BEGIN Data extract
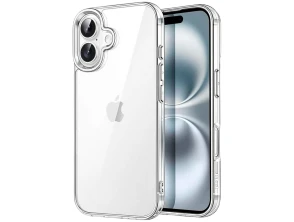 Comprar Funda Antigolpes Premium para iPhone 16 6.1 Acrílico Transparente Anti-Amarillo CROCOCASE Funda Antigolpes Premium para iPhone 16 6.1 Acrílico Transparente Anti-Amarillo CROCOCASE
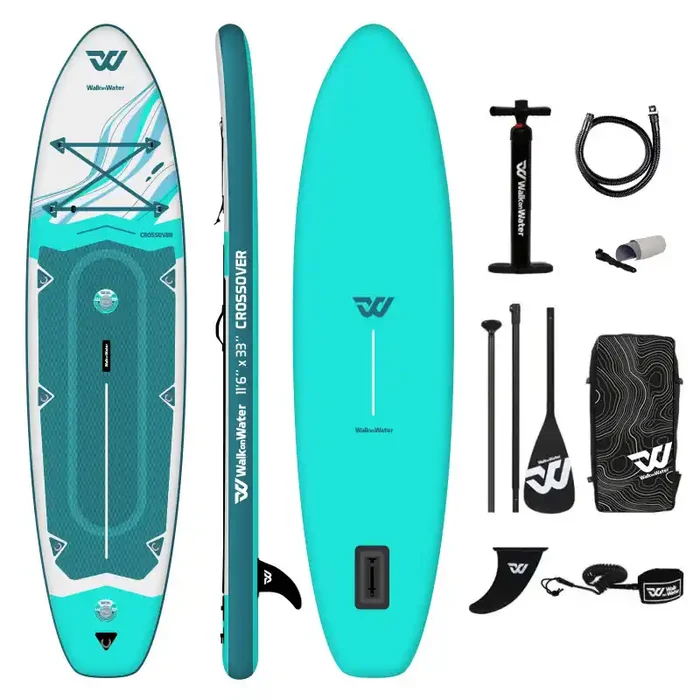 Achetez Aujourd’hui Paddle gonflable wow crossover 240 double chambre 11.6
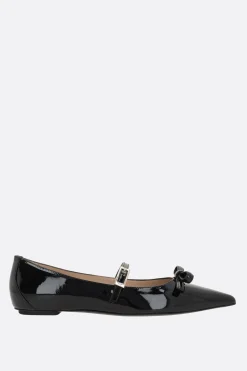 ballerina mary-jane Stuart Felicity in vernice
END Data extract
Problem statement:
Retype all of the material above precisely as it reads. Pictures are not part of the copy.

Your response:
 Comprar Funda Antigolpes Premium para iPhone 16 6.1 Acrílico Transparente Anti-Amarillo CROCOCASE Funda Antigolpes Premium para iPhone 16 6.1 Acrílico Transparente Anti-Amarillo CROCOCASE
 Achetez Aujourd’hui Paddle gonflable wow crossover 240 double chambre 11.6
 ballerina mary-jane Stuart Felicity in vernice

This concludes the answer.